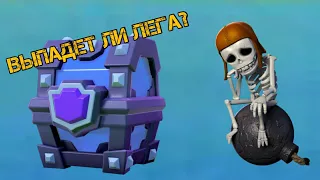 Вернулся в Clash Royale! Открываю сундуки! Выбил легу!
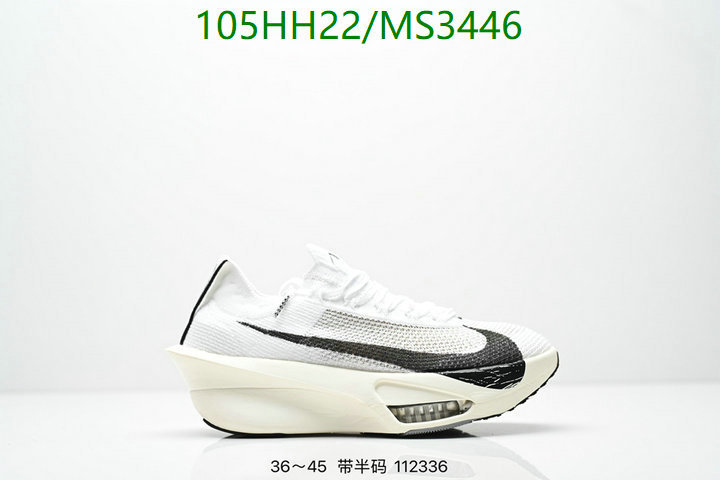 Nike-Men shoes Code: MS3446 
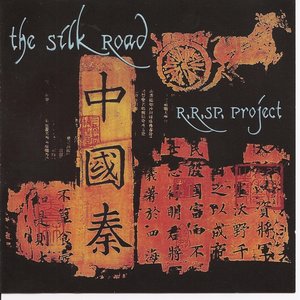 The Silk Road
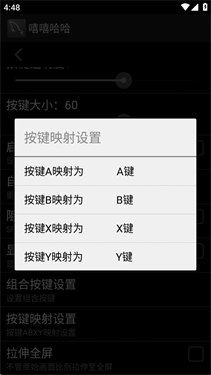 嘻嘻哈哈模拟器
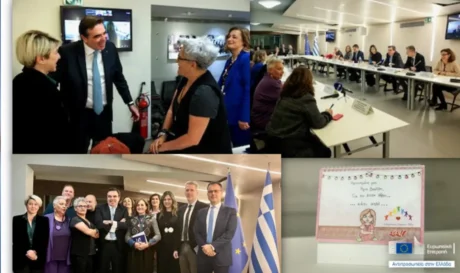 Μαργαρίτης Σχοινάς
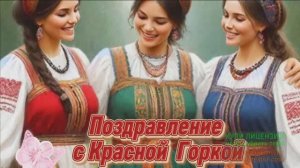 С ПРАЗДНИКОМ ВЕСНЫ И ЛЮБВИ!19 апреля.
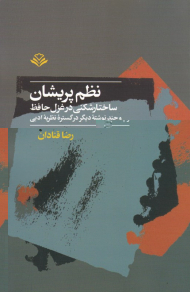 نظم پریشان (ساختارشکنی در غزل حافظ و چند نوشته دیگر در گستره نظریه ادبی)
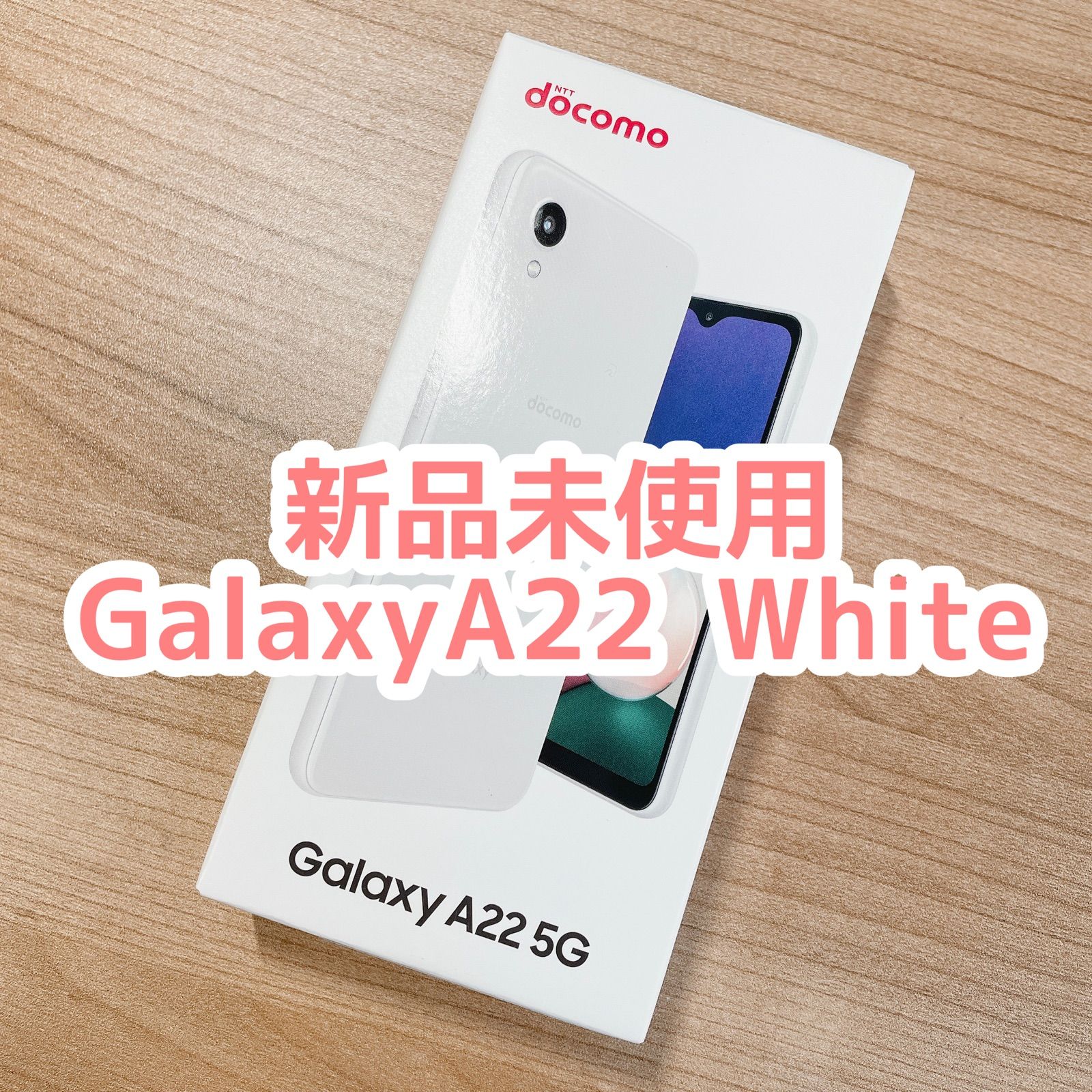 Galaxy A22 White - メルカリ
—————
## [WHAT YOU SHOULD DO]
Pictures stay out; everything else in the records gets copied exactly.

## [ANSWER SPACE]
 Вернулся в Clash Royale! Открываю сундуки! Выбил легу!
 Nike-Men shoes Code: MS3446 
 The Silk Road
 嘻嘻哈哈模拟器
 Μαργαρίτης Σχοινάς
 С ПРАЗДНИКОМ ВЕСНЫ И ЛЮБВИ!19 апреля.
 نظم پریشان (ساختارشکنی در غزل حافظ و چند نوشته دیگر در گستره نظریه ادبی)
 Galaxy A22 White - メルカリ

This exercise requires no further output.